The Berwyn Mountains UFO Incident - 23rd January 1974

An ongoing investigation into a hoax built up around a real UFO event



Eight - Nick Redfern


It is now well known that a particular scenario promoted by Russ Kellett claiming that a UFO plus occupants was recovered by the UK Military is suspected of being a hoax masterminded by persons as yet unknown, but actively fed to Russ Kellett by John Williams (also known as JW) in a way that has led him to believe this was a real event.

New information is constantly emerging as this hoax is more deeply investigated. Here, I'd like to show how the UFO on Cader Berwyn was linked into this hoax scenario to create a disinformation thread presumably aimed at confusing research and investigation to divert such persons away from the real UFO which was discovered on Cader Berwyn in north east Wales on the night of January 23rd 1974.

Previously, I demonstrated how Tony Dodd, UFO Investigator and author of Alien Investigator published in 1999 had inadvertently helped to create and promote the UFO hoax abovementioned, which itself seemingly burst onto the scene in 1997 when John Willams (JW) tried to con Berwyn UFO researcher Margaret Fry into accepting the bizarre hoax claim plus the accompanying faked documentation to support it.
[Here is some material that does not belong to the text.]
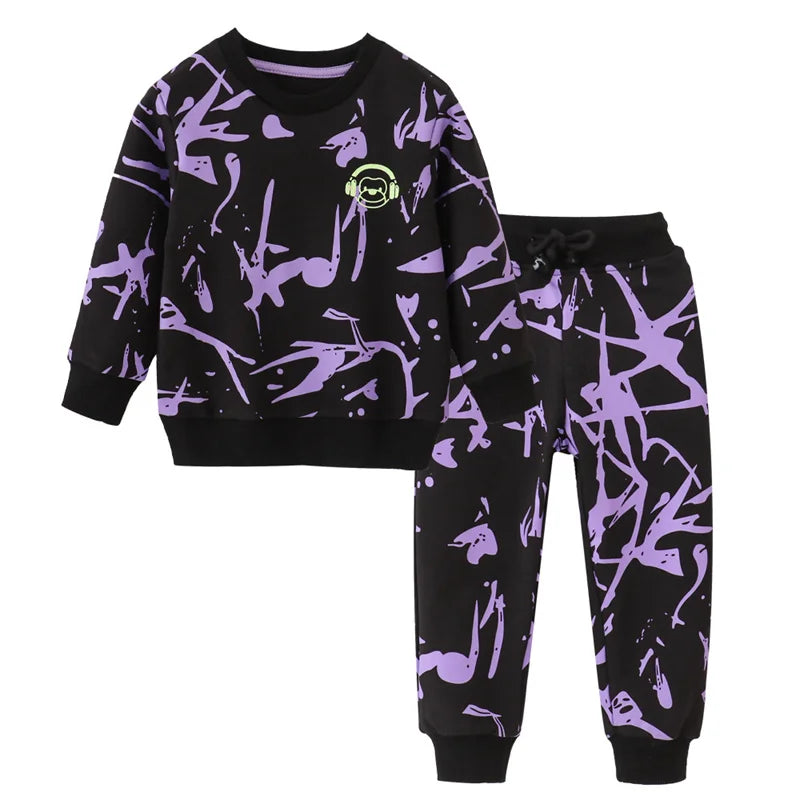 Cars Suits 2-7T New Arrival Autumn Winter Long Sleeve 2 PCS Boys Clothing Sets Cotton  Children's Outfits Hot Selling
He also attempted to subvert a film maker into producing some sort of documentary which if had been successful, would have seen that hoax spread into the wider public domain. Fortunately, everyone approached with the 'evidence' of a naval operation in the Irish Sea off the North Wales coast, saw through it and did not engage. That is, until Russ Kellett swallowed the hoax and became the conduit for spreading it into the UFO community and further public domain.

Another well known author of books on the UFO subject is Nicholas Redfern, more commonly known as Nick Redfern. His book, A Covert Agenda, first published in Britain in 1997, gave some coverage of the earlier evidence as it was known at the time relating to the alleged Berwyn Mountains UFO 'Crash'.  (Ref: A Covert Agenda - Ed.)

The Berwyn Mountains’ UFO: A Case That Never Dies
(New article by Nick Redfern, published 24th August 2018)

With the exception of Tony Dodd who first hinted publicly that the Berwyn UFO Event may have been a landing rather than a crash as far back as the mid-90s and later repeating this in his book, Alien Investigator published in 1999, (see Appendix One - Ed.) everyone else looking at the case looked at it from the point of view of a UFO crash & retrieval event. This was very much the case with Nick Redfern's account in A Covert Agenda.

With just a few small errors in his publication, the account was accurate, honest and published in good faith, based on what was known at the time. Because A Covert Agenda was only published in 1997, nothing in the book was hijacked to help formulate a hoax. Information relating to Llandrillo and Cader Bronwen mountain was common knowledge and by 1997 was already being exploited to invent a crash scenario on Cader Berwyn which would see it used in an audacious attempt to subvert the UFO event via duping Margaret Fry and others.

As has been published elsewhere, even that story changed in late 1999 or early 2000, when Tony Dodd published evidence of a UFO landing rather than a crash, which then led to the invention of another crash to keep the story going.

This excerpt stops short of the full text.